OMG, Totally forgot that I was supposed to do this, Sigh, exactly the same way I’ve forgotten to do many of the things I wanted to, and vowed to do at the start of the year.
This year has just been a blur, and sadly I find myself no better than I was at this point six months ago when I penned my hopes and plans for the year here.
It’s been an odd year thus far, filled with a lot of pressure (most of it self-generated), a lot of introspection, some brainstorming and loads of learning. I have read more books this year than I read in the last two years combined. Financially, the times have been a little hard, though I was fairly prepared for it and so though at times I have been bowed, my back remains unbroken.
About those things I said I was going to do earlier in the year, let me see just how far I have come
- I haven’t learnt graphic design “finally” but I learnt how to design websites. That has to count for something, I guess.
- Get my first book published? Haha, Well I still have five months more (I would have to finish the book first though)
- Blog more often? Rotflmao! The amount of times I’ve blogged this year can be counted with no fingers. Zilch, nada, zip, zero.
- 2016 so far has been better than 2015 on the spiritual front. My church attendance is still not as much as it should be, but I’ve been active in the house. Personally, my morning rituals have not been this consistent in years.
- I haven’t told many people about Jesus though, five months is a lot of time to improve here.
- Increase my income, create a third stream?
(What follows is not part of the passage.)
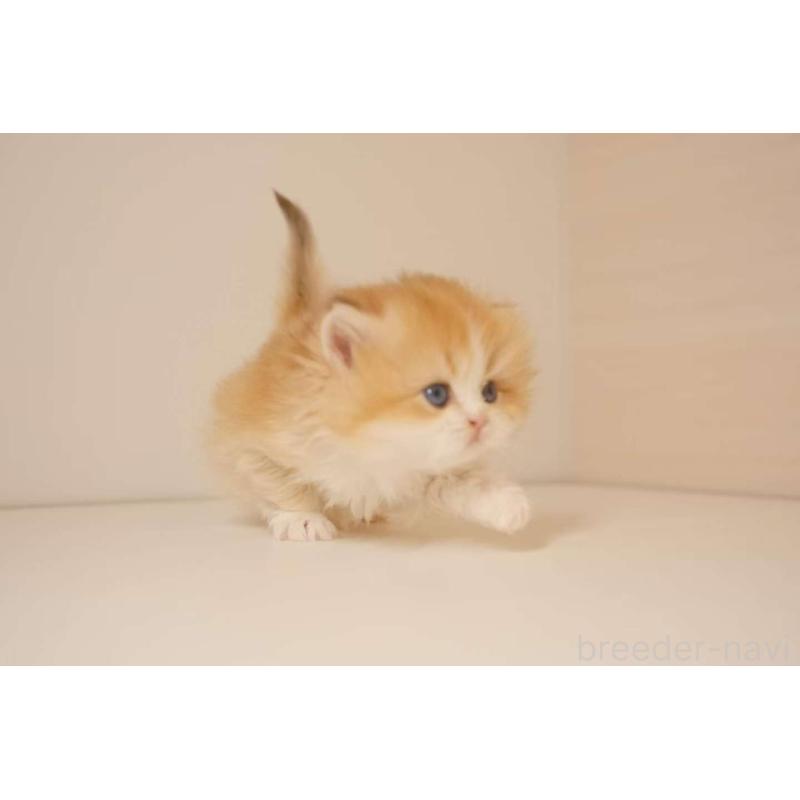 販売中の東京都のブリティッシュロングヘア-131401の7枚目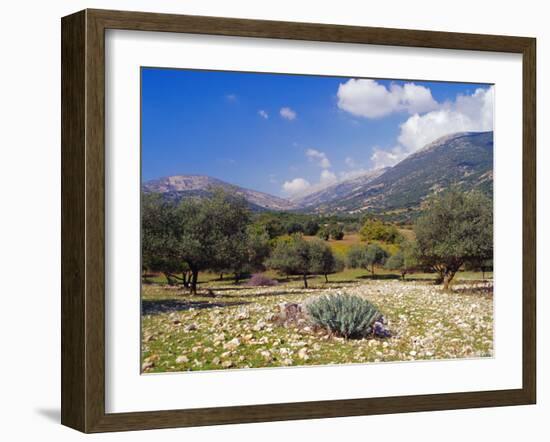 Olive Groves, Cephalonia, Ionian Islands, Greece, Europe-Jonathan Hodson-Framed Photographic Print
Second stream has practically dried up, working actively on opening a new stream
- I currently weigh 1.5Kg above 70Kg. Meeting my weight loss goal is inevitable at this current pace.
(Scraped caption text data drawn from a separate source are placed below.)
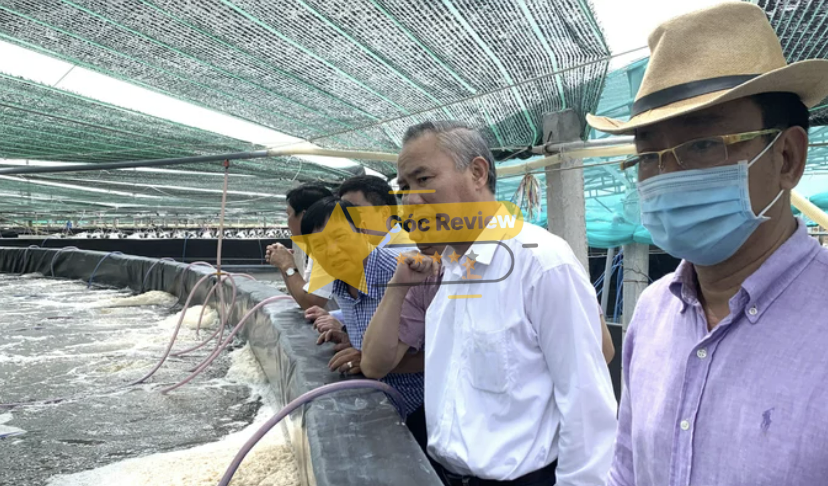 VINA CLEANFOOD có uy tín không Đánh giá vị thế thương hiệu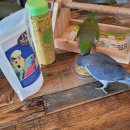 델리푸드 이미지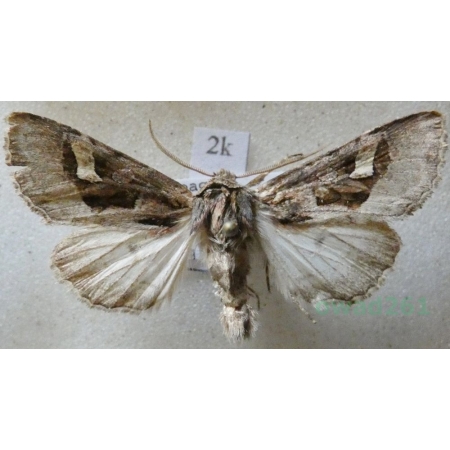 Trigonophora flammea (Esper, 1785) Spain2k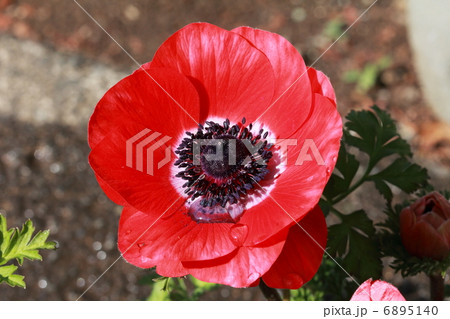 アネモネ 6895140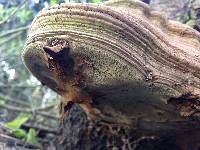 Image of Ganoderma australe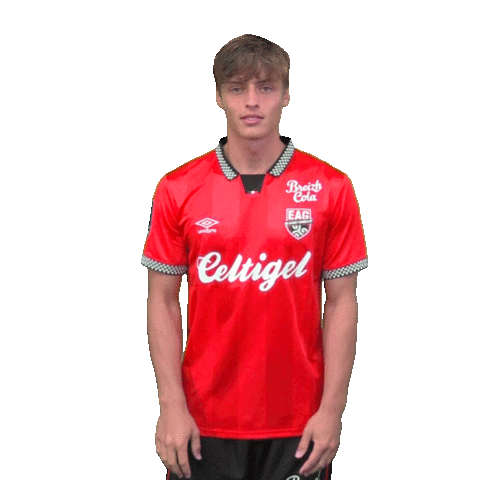 Ligue 2 Football Sticker by EA Guingamp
- I thought 2015 was a bad year for my friendships, 2016 has been much worse. I seem to have a problem making new friends and a bigger problem staying in touch with old friends.
- Be very, very happy? At least I’m happy.
Prior to writing this out, I had simply (maybe simplistically) concluded that the first half of the year was a failure. Writing this opened my eyes to the steps I have and am still taking in what I consider to be the right direction, and while it’s not been all champagne and fireworks, the year smells like it is going to be a delicious memory at the end of it. I pray yours will be the same too (a delicious memory that is).